GithubHelp home page GithubHelp logo

pimpstanfordner4nerd's Introduction

PImpStanfordNer4Nerd

A Parallel IMPlementation of Stanford NER for NERD.

PImpStanfordNer4Nerd (or PImp, for friends) is a web framework designed to access the APIs of Stanford NER, in order to extract Named Entities from documents and train a model with your own dataset. The server is fully REST compliant.

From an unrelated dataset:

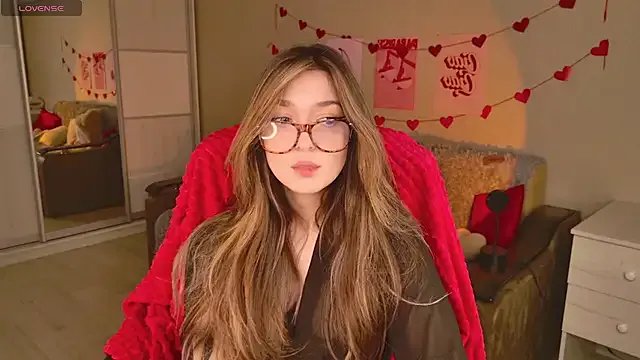 BellaSink from StripChat is Freechat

Structure of the repository

This repository contains three folders:

  • /fr.eurecom.nerd.pimpStfdNer is the folder where all the code for PImp is kept;
  • /HelloWorld contains some simple demos for Stanford NER, which show how to extract entities and train a classifier;
  • /report contains the paper describing the work done for this project.

Requirements

The server is built using Jersey, and requires Java. We warmly suggest you to resolve dependencies using Maven. If you want to import manually the libraries needed for the project, have a look at the file pom.xml. You will need to import Jersey and Stanford NER libraries.

The server was tested on a Tomcat server v7.0 with JDK v1.7.

Build PImp

Maven developers just need to run mvn clean install in the directory /fr.eurecom.nerd.pimpStfdNer. This will create a .war with all the dependencies.

Then run the .war on your server.

Use case

In the following scenario, an user tries the framework by submitting a document to the classifier with the default model; then, he repeats the experiment with a model self-trained, on a training set based on the first chapter of Jane Austen's Emma, where Named Entities of type Person are labelled. The client used is curl.

  1. The document is posted to the server:

    curl -i -X POST localhost:8080/fr.eurecom.nerd.pimpStfdNer/pimp/documents -d "text=Emma and Elizabeth shared a dream."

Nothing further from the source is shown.